Sunday, July 29, 2012

Drought and Land Prices

We were going through a boom in prices for farmland recently, but this farmgate post on how to pay the cash rent causes me to think the boom must be over.  Of course the EWG posts on how some farmers will make out because of revenue protection and the higher prices for the corn they do produce suggest the end of the boom doesn't mean the beginning of a bust.   It does, I suspect, mean more churn in production agriculture as some people get caught out and some people come through.

Condolences: Kevin and Inkblot

Kevin Drum is my favorite political blogger, because he mostly agrees with me. 

He suffered a loss, and I express my condolences.

Saturday, July 28, 2012

How Political Parties Change

Back in the day, when Abe Lincoln was a Whig, the Republican Party believed in building things to support business. It used to be called "internal improvements", now it's called "infrastructure". One of Teddy Roosevelt's proudest boasts was that he built the Panama Canal.  And then Ike built the interstate highways and the St. Lawrence Seaway.

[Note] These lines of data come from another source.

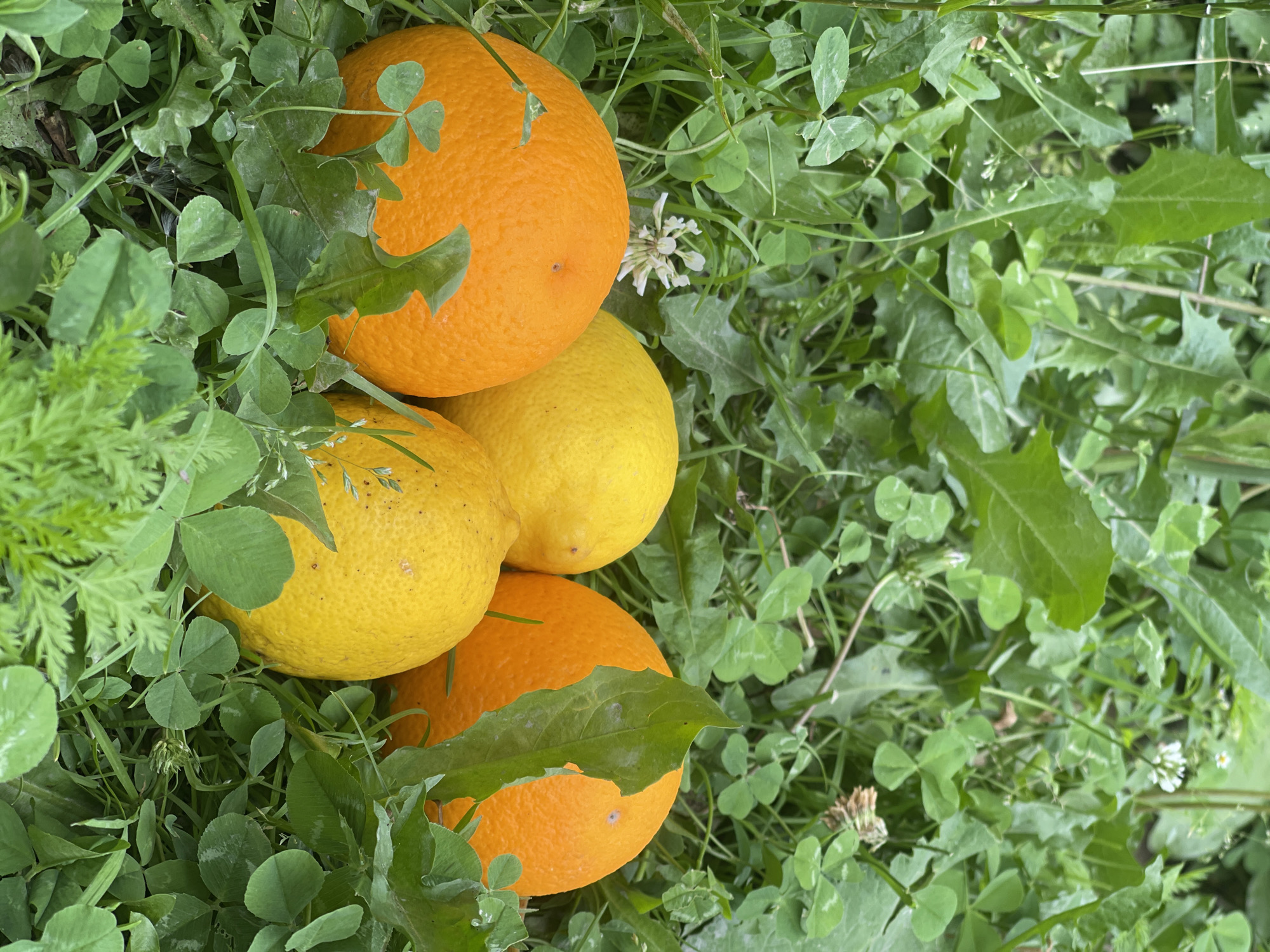 Four citrus fruits, two oranges and two lemons, are resting in lush green grass. The oranges are a vibrant orange color, while the lemons are a bright yellow. The grass is thick and interwoven with clover and other small green plants. The lighting suggests it is daytime, with soft, natural light illuminating the scene. The image captures a still life composition of these fruits amidst the natural backdrop of the field.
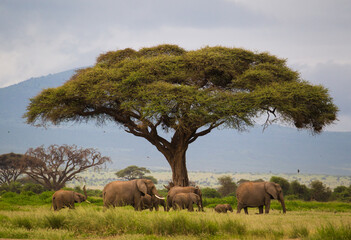 Stado słoni w Parku Narodowym Amboseli Kenia - obrazy, fototapety, plakaty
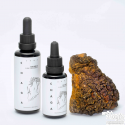 Chaga Pilz Tinktur - Inonotus obliquus Extrakt | KÄÄPÄ Gesundheit 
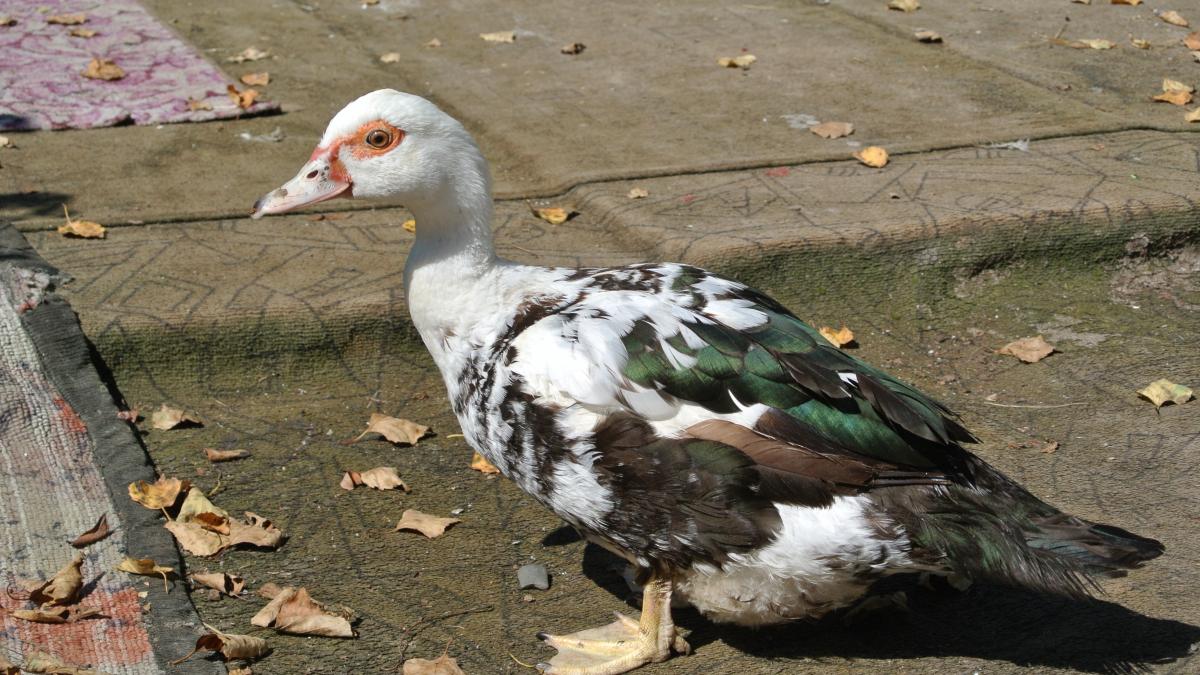 2014-08-31-domestic-duck 2014-08-31-domestic-duck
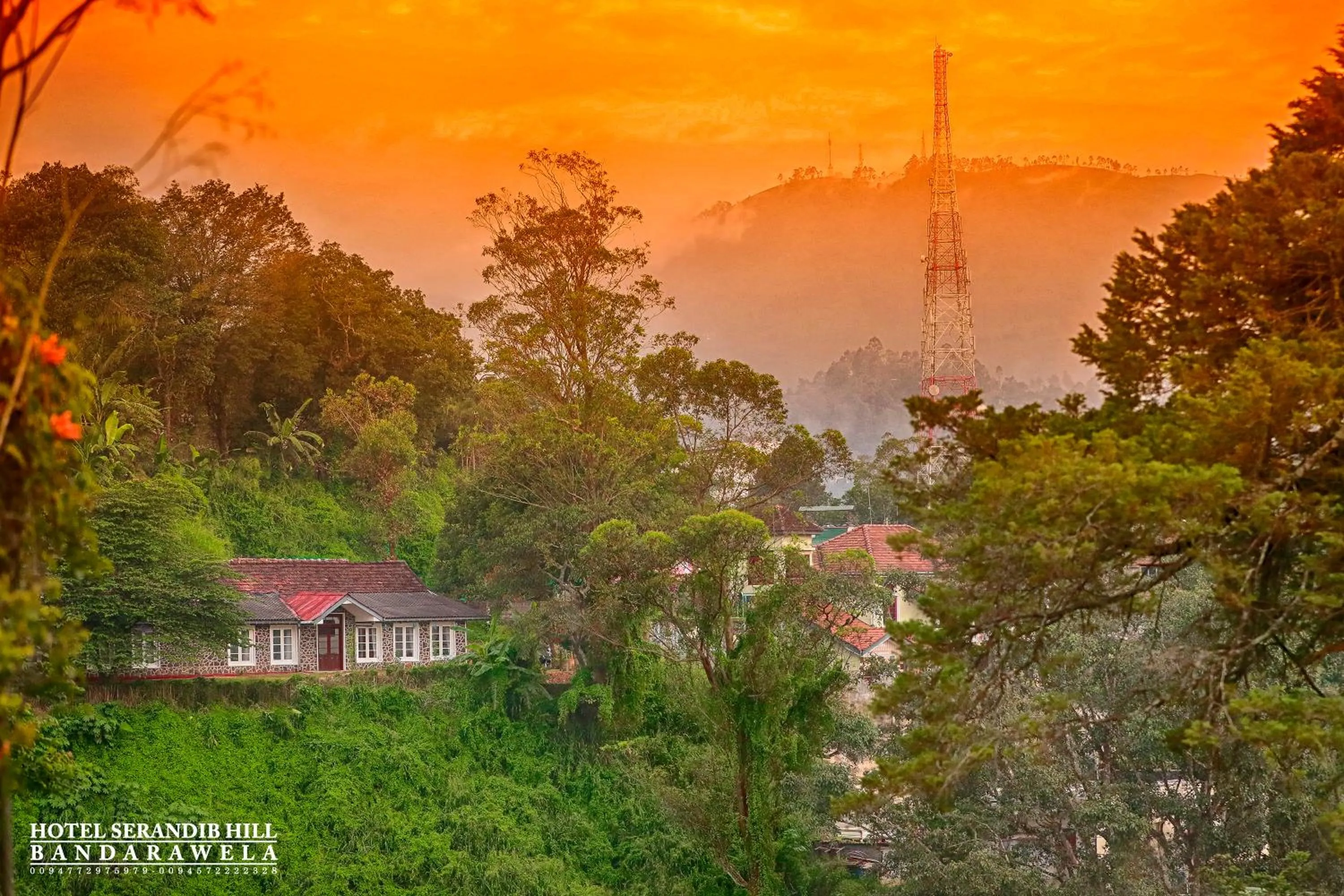 Hotel Serendib Hill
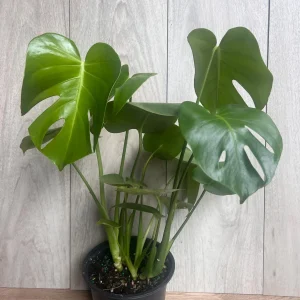 Monstera Deliciosa Live Plant - 6 inch Pot - Fruit Producing Indoor Air Purifier - Image 3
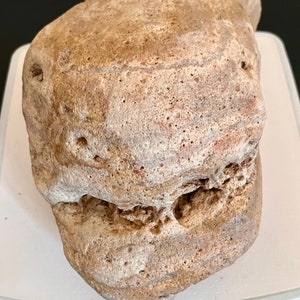 Puede incluir: Una roca desgastada de color beige con una superficie rugosa y texturizada. La roca tiene una apariencia en capas con pequeños agujeros y una forma natural y orgánica. Se encuentra sobre una superficie blanca.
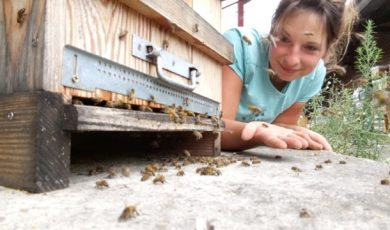 Le point Apiculture DOUCE® !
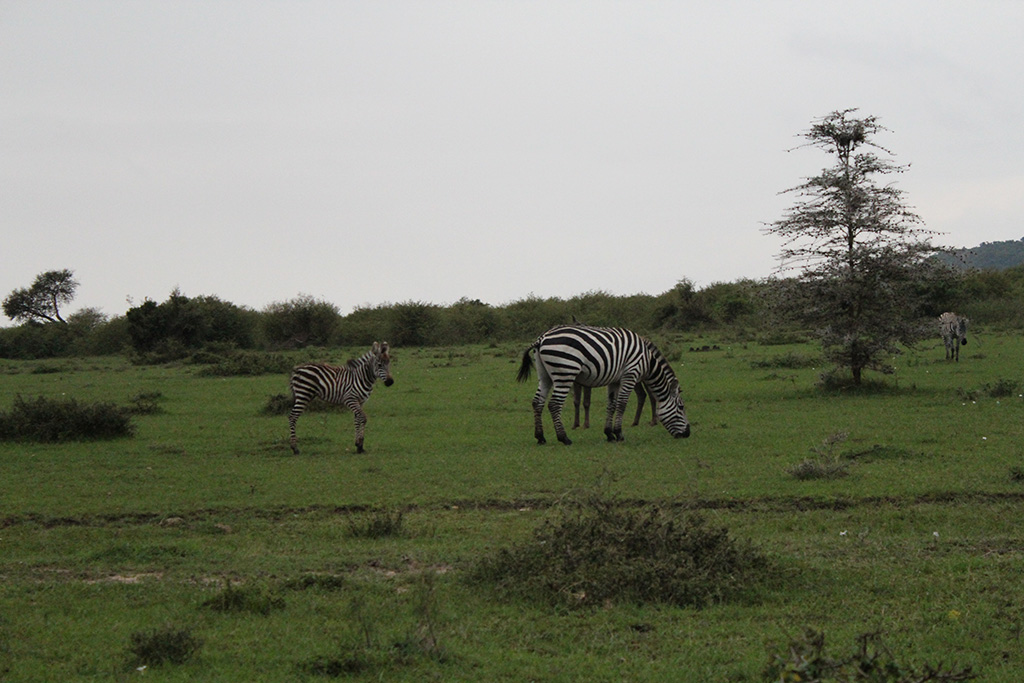Кения 2013 Кения 2013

Back in the day, when Andy Jackson was a Democrat, his party was racist.  Woodrow Wilson pushed segregation, southern Democrats used racism to solidify their one-party dominance of the region.


Friday, July 27, 2012

Sustainable Ag on Guide to Farm Loan Program

Sustainable Ag comments on the plain language guide FSA just issued.

Women in Ag School

Generally speaking, in my experience the county executive directors of ASCS/FSA county offices were graduates of the state land grant college.  I perceived, rightly or wrongly, a submerged conflict over advancement between the women who were mostly the program assistants (clerks) and the men who were the CED's.

This post caught my eye: women now outnumber men in undergraduate ag courses.

Thursday, July 26, 2012

What Is a Dairy Animal?

Slate has a nice piece on why we mostly use cows milk for dairy products, and not goats or other mammals.

The Problem With Government Is...

We humans deal with assumptions and universals, but reality is a lot more messy.  Example 1 is the Pennsylvania voter ID law, which assumes that everyone either has a photo ID or can easily get one, because everyone has their birth certificate stashed away in their safe deposit box along with all other vital papers.

Example 2 is the reliance on crop insurance, because every farmer is rational and is going to buy it.  Chris Clayton at DTN reports getting calls from farmers like this:
"Is the government going to do anything? I don't have crop insurance.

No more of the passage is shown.